#### Available records:
__________________________________________________

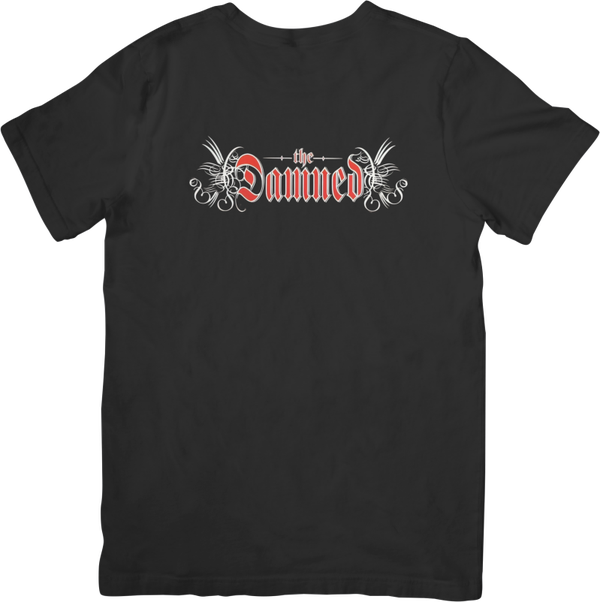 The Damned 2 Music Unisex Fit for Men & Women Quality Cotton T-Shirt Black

__________________________________________________

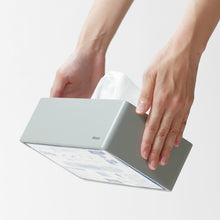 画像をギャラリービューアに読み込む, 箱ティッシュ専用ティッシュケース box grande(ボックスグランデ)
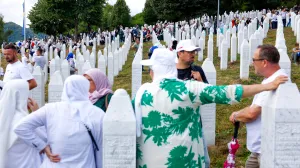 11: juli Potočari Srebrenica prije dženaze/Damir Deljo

__________________________________________________

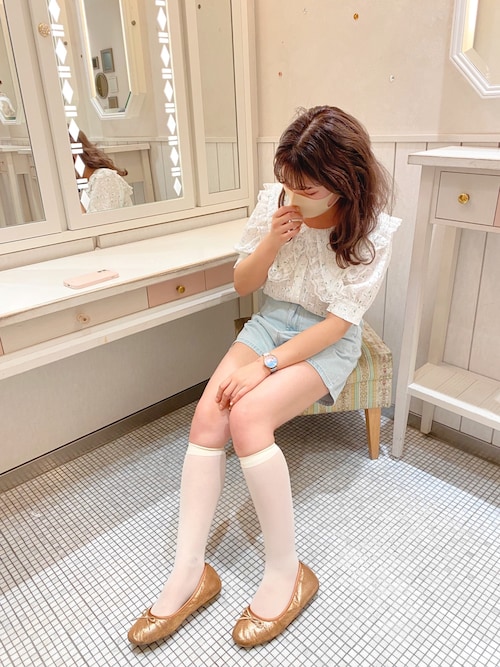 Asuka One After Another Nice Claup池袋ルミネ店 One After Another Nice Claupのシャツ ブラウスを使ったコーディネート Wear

__________________________________________________

#### What is needed:
Respond with the exact lines above running from the one containing "画像をギャラリービューアに読み込む, 箱ティッシュ専用ティッシュケース box" to the one containing "11: juli Potočari", both ends kept and no pictures included.

#### Solution below:
 画像をギャラリービューアに読み込む, 箱ティッシュ専用ティッシュケース box grande(ボックスグランデ)
 11: juli Potočari Srebrenica prije dženaze/Damir Deljo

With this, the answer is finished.